= Mike Richmond (speed skater) =

Australian speed skater

Michael Richmond (born in Adelaide, South Australia) is a former ice speed skater from Australia, who represented his native country in three consecutive Winter Olympics, starting in 1980 in Lake Placid, United States.

At the 1980 Olympics, Richmond competed in the 500 m, 1,000 m and 1,500 m events. He came 32nd, 32nd and 34th out of 36, 35 and 37 entrants. In 1984, he came 22nd, 34th and 27th out of 42, 40 and 43 entries. In 1988 he continued to improve and finished 23rd, 12th and 14th out of 36, 39 and 36 entries.
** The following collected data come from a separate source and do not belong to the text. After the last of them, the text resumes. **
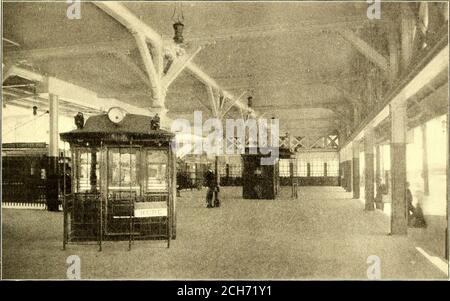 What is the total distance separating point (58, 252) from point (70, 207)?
1.00 meters

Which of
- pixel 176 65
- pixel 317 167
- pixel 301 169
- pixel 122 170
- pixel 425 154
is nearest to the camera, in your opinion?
pixel 122 170

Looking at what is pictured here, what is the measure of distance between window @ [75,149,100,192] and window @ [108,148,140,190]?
1.33ft

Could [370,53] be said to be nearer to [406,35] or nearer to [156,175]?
[406,35]

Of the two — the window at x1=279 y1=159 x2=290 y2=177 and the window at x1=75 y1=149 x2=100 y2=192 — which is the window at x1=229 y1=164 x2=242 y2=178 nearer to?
the window at x1=279 y1=159 x2=290 y2=177

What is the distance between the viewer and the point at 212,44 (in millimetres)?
11070

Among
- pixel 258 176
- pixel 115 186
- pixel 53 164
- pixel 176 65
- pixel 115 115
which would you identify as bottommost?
pixel 258 176

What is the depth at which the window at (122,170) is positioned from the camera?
26.9 feet

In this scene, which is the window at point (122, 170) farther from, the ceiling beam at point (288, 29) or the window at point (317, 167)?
the window at point (317, 167)

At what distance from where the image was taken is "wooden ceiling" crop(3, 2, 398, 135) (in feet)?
29.0

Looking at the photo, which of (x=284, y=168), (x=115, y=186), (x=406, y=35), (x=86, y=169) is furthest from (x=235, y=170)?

He was only the second Australian to place in the top half of the field in a speed skating event.

Richmond started as an allround skater but focussed mainly on the short distances later in his career. He has held the Australian national records on the 500, 1,000 and 1,500 meters for over 20 years before Richard Goerlitz broke them in 2004/2005.
Richmond started Ice Racing in the Short Track discipline, where he was Australian Champion 10 years running and held 2 World Records in the 500m and 1000m events in 1981.

Mike Richmond is now a physiotherapist. He also owns a gym called Fit Life Health and Fitness centre, which recently won South Australian fitness centre of the year.